Between a seven year strong (and continually growing) fandom drawn in from the pages of 2000 AD, several successful European-style album reprints from Titan Books, the success of reprints for the American market from Eagle Comics, as well as t-shirts and a host of other Dredd-themed merchandise, it seemed that there was no stopping the growth of what had already become British comics’ most recognizable cop. What, then, is a publisher to do when they’ve recognized the sales potential of their best-selling commodity? Well, launch a whole new Judge Dredd comic, of course.
And no, you’re not reading that wrong. Nearly six years before the first issue of the evergreen and still-wildly-popular Judge Dredd Megazine — a series celebrating its 30th anniversary this month — Dredd’s then-publisher IPC Magazines tried its hand at a Judge Dredd spin-off with the straight-forward name Judge Dredd Fortnightly.
Pitched as a partially-colored, fortnightly comic by 2000 AD’s then-editorial team of Simon Geller and Steve McManus, the series was set to host some of the best creators within the award-winning anthology’s all-star line-up, including stories written by John Wagner, Alan Grant, and Alan Moore; with illustrations from Mike Collins, Ian Gibson, Dredd co-creator Carlos Ezquerra, Jose Ortiz, Jose Casanova Sr. and Brett Ewins. While the full fortnightly comic itself was rejected outright, over half of the stories created for the ill-fated dummy issue were happily recycled into material for the constantly-hungry 2000 AD over the next few years.

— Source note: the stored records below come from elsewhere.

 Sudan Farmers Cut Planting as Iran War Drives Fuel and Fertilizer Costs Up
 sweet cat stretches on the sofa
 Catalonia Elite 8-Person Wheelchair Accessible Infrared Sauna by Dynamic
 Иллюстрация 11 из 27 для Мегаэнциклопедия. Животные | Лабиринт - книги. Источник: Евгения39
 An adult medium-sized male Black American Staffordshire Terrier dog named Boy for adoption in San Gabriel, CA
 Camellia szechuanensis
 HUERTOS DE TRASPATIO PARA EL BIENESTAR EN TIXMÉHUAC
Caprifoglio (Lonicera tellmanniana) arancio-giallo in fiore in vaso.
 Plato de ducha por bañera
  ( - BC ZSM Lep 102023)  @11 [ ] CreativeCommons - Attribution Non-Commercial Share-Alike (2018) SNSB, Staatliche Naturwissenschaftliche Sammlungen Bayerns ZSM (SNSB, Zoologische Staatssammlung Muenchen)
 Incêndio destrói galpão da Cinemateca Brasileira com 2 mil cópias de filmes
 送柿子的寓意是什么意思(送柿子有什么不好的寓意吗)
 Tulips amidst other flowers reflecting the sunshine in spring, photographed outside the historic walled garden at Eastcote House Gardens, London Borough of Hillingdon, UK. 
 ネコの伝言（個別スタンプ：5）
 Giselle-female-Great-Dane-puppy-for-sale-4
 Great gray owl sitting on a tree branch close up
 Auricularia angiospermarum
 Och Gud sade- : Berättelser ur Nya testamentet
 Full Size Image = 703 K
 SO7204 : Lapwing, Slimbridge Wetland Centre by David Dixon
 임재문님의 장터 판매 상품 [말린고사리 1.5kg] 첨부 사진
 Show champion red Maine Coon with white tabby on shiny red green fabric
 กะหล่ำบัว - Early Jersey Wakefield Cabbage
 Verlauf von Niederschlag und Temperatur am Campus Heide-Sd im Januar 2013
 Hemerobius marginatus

A sci-fi take on John Wagner’s earlier Darkie’s Mob strip, Wagner, Grant, and Ezquerra’s B.A.D. Company saw the 1st Mega City Volunteers pinned down in a war against the Nurds before being rescued by the former Judge “Titan” Kano. The outfit adopted the name Battalion Assault Deployment Company — B.A.D., get it? — and became well known for being a military outfit of freaks, crazies, killers, and renegades. Later rebooted and substantially re-written by the creative team of Peter Milligan, Brett Ewins, and Jim McCarthy, B.A.D. Company eventually became the surreal sci-fi wartime horror of the Bad Company stories fans have loved for more than three decades at this point.
Judge Anderson was meant to get her original start as a solo character in the Fortnightly as well, following a number of successful appearances in 2000 AD’s regular Dredd strip, with stories from Wagner, Grant and Ewins surrounding psychic Judge Cassandra Anderson with a resurrected threat from Judge Death, allowing a new take on the everyday crime of Mega City One from her more humane, empathetic perspective instead of from her surly cohort Dredd.
The third series to make the trip from Fortnightly to 2000 AD proper was sci-fi western saga Helltrekkers — another Wagner and Grant strip that eventually lasted a hardy run of 29 episodes in 2000 AD before almost its entire cast ended up dead through misadventure. During its surprisingly long-running slot in the magazine, Helltrekkers told the take of the 22nd century pioneers and the settlers foolish enough to brave their way through the radioactive Cursed Earth desert sitting between the east and west coasts of what used to be the United States, in search of a better life.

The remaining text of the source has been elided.